Waiting list of prisoners started three weeks ago

By Troy Graham
The Philadelphia Inquirer

PHILADELPHIA — Philadelphia’s prison population has been plunging for more than a year, as leaders from the Mayor’s Office on down have sought alternatives to locking up people in overcrowded jails.

That success may have had its first unintended consequence this month, when the city ran out of the ankle bracelets necessary to send prisoners home with electronic monitoring.

City judges were warned that house arrest was no longer an option, as a waiting list of prisoners has grown during the last three weeks, court officials said.

Deputy Mayor Everett Gillison said last week that buying 100 more bracelets - for about $1,300 apiece - was a priority. He thought he could squeeze the money out of a lean budget by early this week.

“I’m cutting people and I’m cutting services, so I’m trying to figure out where I can get the money right now,” he said. “It’s going to take a couple days to figure out what I have to give up.”

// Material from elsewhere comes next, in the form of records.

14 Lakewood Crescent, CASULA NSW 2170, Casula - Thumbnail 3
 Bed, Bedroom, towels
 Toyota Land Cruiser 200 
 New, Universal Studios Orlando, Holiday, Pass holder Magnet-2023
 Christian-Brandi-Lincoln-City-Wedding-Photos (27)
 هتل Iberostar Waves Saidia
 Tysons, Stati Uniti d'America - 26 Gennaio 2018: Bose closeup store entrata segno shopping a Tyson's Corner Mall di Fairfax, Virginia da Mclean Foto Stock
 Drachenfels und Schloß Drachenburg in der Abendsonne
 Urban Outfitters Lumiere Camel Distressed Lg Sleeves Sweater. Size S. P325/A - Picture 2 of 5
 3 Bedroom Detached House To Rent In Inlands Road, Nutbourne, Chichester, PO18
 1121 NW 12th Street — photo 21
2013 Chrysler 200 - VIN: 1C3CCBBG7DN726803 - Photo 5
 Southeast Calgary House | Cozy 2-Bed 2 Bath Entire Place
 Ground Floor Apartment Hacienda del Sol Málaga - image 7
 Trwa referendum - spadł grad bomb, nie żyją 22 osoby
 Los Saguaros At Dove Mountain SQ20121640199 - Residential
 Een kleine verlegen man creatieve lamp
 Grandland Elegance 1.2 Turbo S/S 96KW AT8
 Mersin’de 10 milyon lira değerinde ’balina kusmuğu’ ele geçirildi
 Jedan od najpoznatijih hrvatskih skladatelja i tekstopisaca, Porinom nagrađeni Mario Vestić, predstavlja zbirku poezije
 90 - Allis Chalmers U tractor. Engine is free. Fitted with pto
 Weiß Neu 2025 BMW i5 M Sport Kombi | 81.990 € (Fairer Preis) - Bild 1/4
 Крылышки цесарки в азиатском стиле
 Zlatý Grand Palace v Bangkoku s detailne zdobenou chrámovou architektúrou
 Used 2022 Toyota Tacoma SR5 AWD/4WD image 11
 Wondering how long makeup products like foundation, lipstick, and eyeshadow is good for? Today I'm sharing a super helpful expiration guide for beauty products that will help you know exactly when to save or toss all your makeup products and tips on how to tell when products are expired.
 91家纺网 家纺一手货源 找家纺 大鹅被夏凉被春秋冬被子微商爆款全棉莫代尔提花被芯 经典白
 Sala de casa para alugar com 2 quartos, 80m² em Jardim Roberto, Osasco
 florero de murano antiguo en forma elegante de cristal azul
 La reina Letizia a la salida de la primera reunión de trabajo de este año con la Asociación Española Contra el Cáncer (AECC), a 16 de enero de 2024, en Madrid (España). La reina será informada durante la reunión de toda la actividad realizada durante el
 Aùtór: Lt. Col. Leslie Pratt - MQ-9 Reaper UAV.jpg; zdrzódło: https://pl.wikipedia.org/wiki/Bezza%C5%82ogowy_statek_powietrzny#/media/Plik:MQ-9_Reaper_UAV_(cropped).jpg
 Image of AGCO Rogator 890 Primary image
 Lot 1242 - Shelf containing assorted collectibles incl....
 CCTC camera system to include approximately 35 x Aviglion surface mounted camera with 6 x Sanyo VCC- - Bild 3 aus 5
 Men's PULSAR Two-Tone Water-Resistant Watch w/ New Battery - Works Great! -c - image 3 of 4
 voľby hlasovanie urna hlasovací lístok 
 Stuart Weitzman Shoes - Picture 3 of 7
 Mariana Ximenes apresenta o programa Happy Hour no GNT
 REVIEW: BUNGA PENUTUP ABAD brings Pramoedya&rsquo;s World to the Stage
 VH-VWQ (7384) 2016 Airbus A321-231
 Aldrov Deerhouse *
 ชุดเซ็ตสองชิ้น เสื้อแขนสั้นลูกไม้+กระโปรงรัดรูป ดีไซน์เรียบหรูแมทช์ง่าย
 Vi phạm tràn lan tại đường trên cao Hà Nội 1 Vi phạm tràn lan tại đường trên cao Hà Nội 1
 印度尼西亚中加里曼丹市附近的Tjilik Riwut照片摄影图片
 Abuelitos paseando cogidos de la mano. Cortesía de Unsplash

At the start of the week, there were 773 people on electronic monitoring and 73 on the waiting list, said David Lawrence, the court administrator.

“This is the first time we’ve encountered a waiting list,” he said. “Historically, the numbers have been flat. We’re just experiencing a bump right now.”

Tom Innes, the director of prison services for the Defender Association of Philadelphia, said the 73 were “people in jail who could be out but for a lack of bracelets.”

“We’ve been pushing for more bracelets for a while, but they’re expensive,” he said. “Everything has a price tag right now.”

Usually, Innes said, there is a slight backlog of 10 or 15 people waiting for bracelets, but “73 is huge.”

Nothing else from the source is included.